[Scraped caption text data]
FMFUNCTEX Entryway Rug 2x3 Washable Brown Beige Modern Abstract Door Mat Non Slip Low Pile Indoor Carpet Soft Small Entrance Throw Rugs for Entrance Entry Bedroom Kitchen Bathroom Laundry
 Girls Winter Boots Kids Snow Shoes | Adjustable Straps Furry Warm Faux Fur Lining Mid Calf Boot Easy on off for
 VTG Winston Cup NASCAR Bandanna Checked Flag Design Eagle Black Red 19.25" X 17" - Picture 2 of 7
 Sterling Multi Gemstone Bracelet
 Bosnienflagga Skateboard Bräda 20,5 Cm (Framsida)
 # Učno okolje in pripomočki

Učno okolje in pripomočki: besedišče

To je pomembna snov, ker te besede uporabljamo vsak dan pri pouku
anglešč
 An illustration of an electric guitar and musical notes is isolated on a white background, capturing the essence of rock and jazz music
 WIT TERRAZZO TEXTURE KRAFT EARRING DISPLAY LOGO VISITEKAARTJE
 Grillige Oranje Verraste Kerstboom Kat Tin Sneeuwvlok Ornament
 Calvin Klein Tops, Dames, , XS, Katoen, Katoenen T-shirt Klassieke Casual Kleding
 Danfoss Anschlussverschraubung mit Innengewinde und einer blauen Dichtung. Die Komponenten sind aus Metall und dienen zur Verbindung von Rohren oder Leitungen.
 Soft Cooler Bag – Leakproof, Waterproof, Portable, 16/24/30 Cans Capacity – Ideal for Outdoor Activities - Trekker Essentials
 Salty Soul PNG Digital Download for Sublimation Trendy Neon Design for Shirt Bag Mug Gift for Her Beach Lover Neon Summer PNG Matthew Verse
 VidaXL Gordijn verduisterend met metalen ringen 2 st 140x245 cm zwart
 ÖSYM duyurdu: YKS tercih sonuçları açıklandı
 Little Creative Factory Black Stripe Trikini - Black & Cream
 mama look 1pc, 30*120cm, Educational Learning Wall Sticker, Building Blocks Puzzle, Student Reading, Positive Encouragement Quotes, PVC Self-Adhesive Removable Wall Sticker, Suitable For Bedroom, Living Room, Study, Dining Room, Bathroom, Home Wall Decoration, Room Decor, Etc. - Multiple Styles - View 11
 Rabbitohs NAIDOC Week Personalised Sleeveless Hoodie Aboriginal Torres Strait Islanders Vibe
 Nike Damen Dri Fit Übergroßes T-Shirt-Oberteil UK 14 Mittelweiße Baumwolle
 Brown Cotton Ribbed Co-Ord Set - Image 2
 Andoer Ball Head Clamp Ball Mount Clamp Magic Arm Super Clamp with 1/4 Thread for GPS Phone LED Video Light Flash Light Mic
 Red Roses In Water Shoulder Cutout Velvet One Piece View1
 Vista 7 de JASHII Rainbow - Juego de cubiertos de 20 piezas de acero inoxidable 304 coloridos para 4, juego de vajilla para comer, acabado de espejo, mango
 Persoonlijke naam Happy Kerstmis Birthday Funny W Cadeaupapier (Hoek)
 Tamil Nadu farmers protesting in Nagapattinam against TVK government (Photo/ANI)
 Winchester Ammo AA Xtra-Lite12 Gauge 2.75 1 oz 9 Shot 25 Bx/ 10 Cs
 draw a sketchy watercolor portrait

▶ _Work instructions_: Reproduce exactly the lines that run from the start of the records to the line with "Danfoss Anschlussverschraubung mit", both included.

▶ _Response area_:
FMFUNCTEX Entryway Rug 2x3 Washable Brown Beige Modern Abstract Door Mat Non Slip Low Pile Indoor Carpet Soft Small Entrance Throw Rugs for Entrance Entry Bedroom Kitchen Bathroom Laundry
 Girls Winter Boots Kids Snow Shoes | Adjustable Straps Furry Warm Faux Fur Lining Mid Calf Boot Easy on off for
 VTG Winston Cup NASCAR Bandanna Checked Flag Design Eagle Black Red 19.25" X 17" - Picture 2 of 7
 Sterling Multi Gemstone Bracelet
 Bosnienflagga Skateboard Bräda 20,5 Cm (Framsida)
 # Učno okolje in pripomočki

Učno okolje in pripomočki: besedišče

To je pomembna snov, ker te besede uporabljamo vsak dan pri pouku
anglešč
 An illustration of an electric guitar and musical notes is isolated on a white background, capturing the essence of rock and jazz music
 WIT TERRAZZO TEXTURE KRAFT EARRING DISPLAY LOGO VISITEKAARTJE
 Grillige Oranje Verraste Kerstboom Kat Tin Sneeuwvlok Ornament
 Calvin Klein Tops, Dames, , XS, Katoen, Katoenen T-shirt Klassieke Casual Kleding
 Danfoss Anschlussverschraubung mit Innengewinde und einer blauen Dichtung. Die Komponenten sind aus Metall und dienen zur Verbindung von Rohren oder Leitungen.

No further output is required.